Time to kill redevelopment agencies


By Benjamin Powell

McClatchy-Tribune

The California Supreme Court has given the state permission to stop funding “redevelopment” agencies in the state — a move that might actually speed up efforts to pump new life into blighted neighborhoods. Other states should follow suit.

Redevelopment agencies typically are government or quasi-government municipal agencies that acquire property, provide infrastructure, and subsidize private investment in so-called blighted areas, in an effort to promote urban renewal.

The California Supreme Court decision, in December, in a case known as California Redevelopment Association v. Ana Matasantos — the latter being California’s director of finance — permitted the state to proceed with its plans to defund the more than 400 redevelopment agencies in the state. The state’s action was driven not by opposition to the agencies, but by budget considerations: the potential to cut $1.7 billion from the state’s projected $13 billion budget deficit.

But there’s an even better reason to stop funding such agencies: the fact that they often run roughshod over private property rights and just as often do more harm than good, destroying struggling, but livable neighborhoods, in the guise of saving them.

They do this typically by invoking the government’s power of “eminent domain” to acquire property.

Agreeable price

If public officials believe a privately owned home, apartment building, parking lot, business or any other property would have more value being used for another purpose, they should persuade the owner to sell it at a mutually agreeable price. When they can’t do so, eminent domain allows them to force a sale for “just compensation,” even if the owner doesn’t want to sell at the price that’s offered.

In some cases, the owner doesn’t want to sell at any price. The reason: What a city planner might call blighted, someone else often calls home.

There’s another problem with government redevelopment efforts as well: The promised redevelopment often doesn’t materialize.

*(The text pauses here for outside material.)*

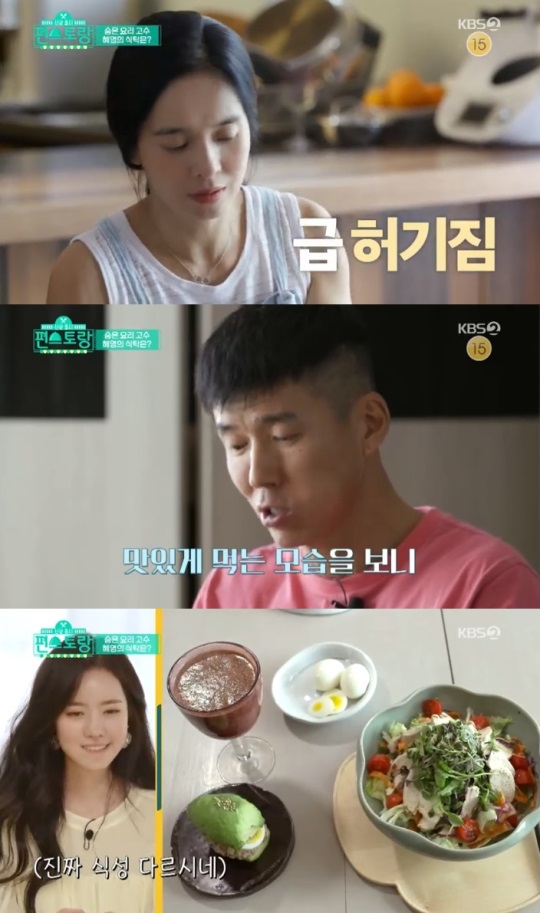 KBS2TV : ‘신상출시 편스토랑’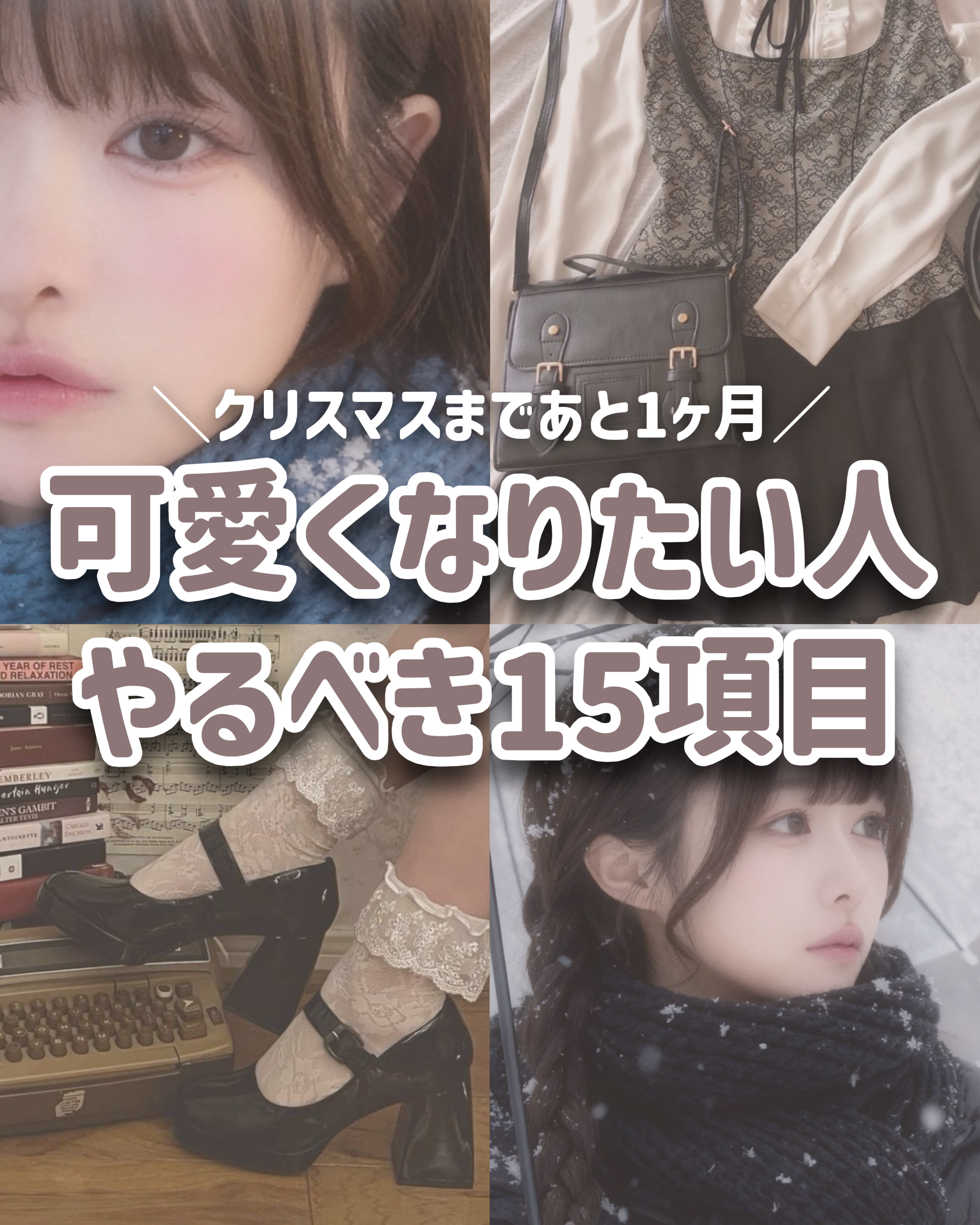 ハンドクリーム ピュアシャンプーの香り/フィアンセ/ハンドクリームを使ったクチコミ（1枚目）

Consider the notorious 2005 Kelo case. The case, upheld by the U.S. Supreme Court, involved the taking of Susan Kelo’s home in New London, Conn., for the purpose of promoting private development. The City of New London said its redevelopment plan would generate more than 3,000 jobs and more than $1 million per year in new tax revenues.

Nearly seven years later, there’s still no development in the area and the empty lot where Kelo’s bulldozed house once stood is now being used by the city as a dump for storm debris.

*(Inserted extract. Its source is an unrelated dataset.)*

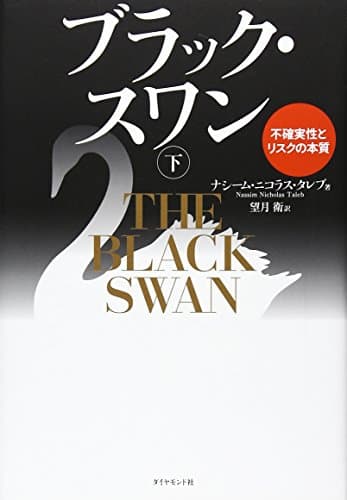 ブラック・スワン[下]―不確実性とリスクの本質
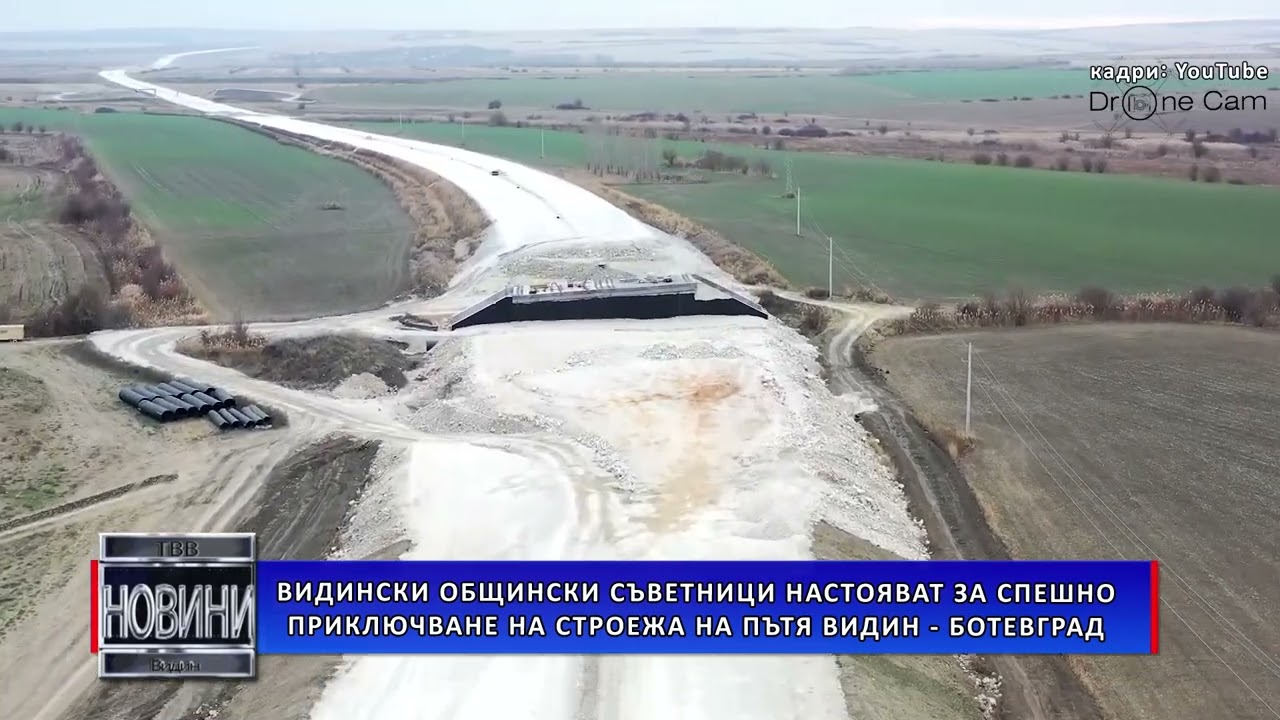 Видински общински съветници настояват за спешно приключване на строежа на пътя Видин – Ботевград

There’s another reason to applaud the California decision. And that is: because government bureaucrats often make terrible business decisions.

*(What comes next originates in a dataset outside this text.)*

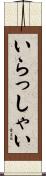 いらっしゃい Scroll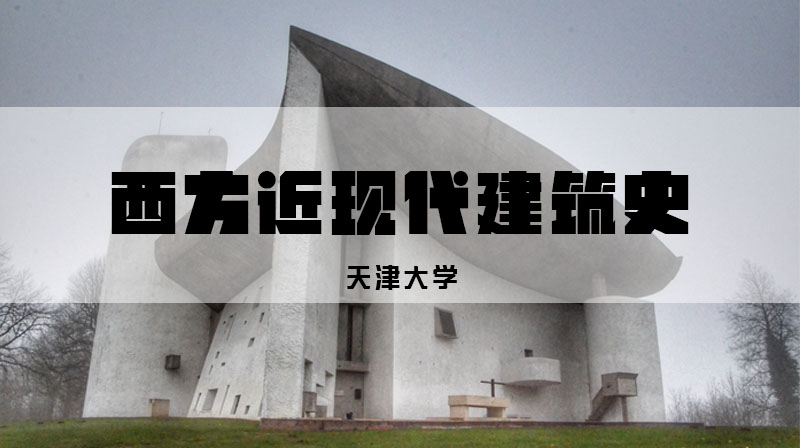 西方近现代建筑史答案2023秋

The California Redevelopment Association argued that the redevelopment agencies need to be kept afloat because “the private sector is reluctant to invest in such areas because the risk and costs associated with doing so outweigh the benefits.”

Exactly. Redevelopment agencies are using taxpayers’ money to subsidize somebody else’s risk-taking. As California State Assemblyman Chris Norby, who represents the city of Fullerton, put it, “Redevelopment has become a cash cow for developers, NFL team owners and big box stores who have been on the public dole for a long, long time.”

The Non-Profit Housing Association of Northern California, another major recipient of redevelopment funds, argued that the funds provided the lifeblood “for affordable homes and rental housing” and that “the loss of this funding will mean thousands more Californians living on the streets.”

Government policies

But there are better ways to promote affordable housing. In fact, government policies — including zoning restrictions, certain building codes, labor laws, permit moratoria, urban growth boundaries, and even so-called “inclusionary zoning” — are among the main reasons there is less, rather than more affordable housing.

Abolishing these policies would do more to increase the supply of affordable housing than anything the development agencies have done.

Benjamin Powell is an associate professor of economics at Suffolk University in Boston, a senior fellow with the Independent Institute, Oakland, Calif., and co-editor of “Housing America: Building Out of a Crisis.” Distributed by MCT Information Services.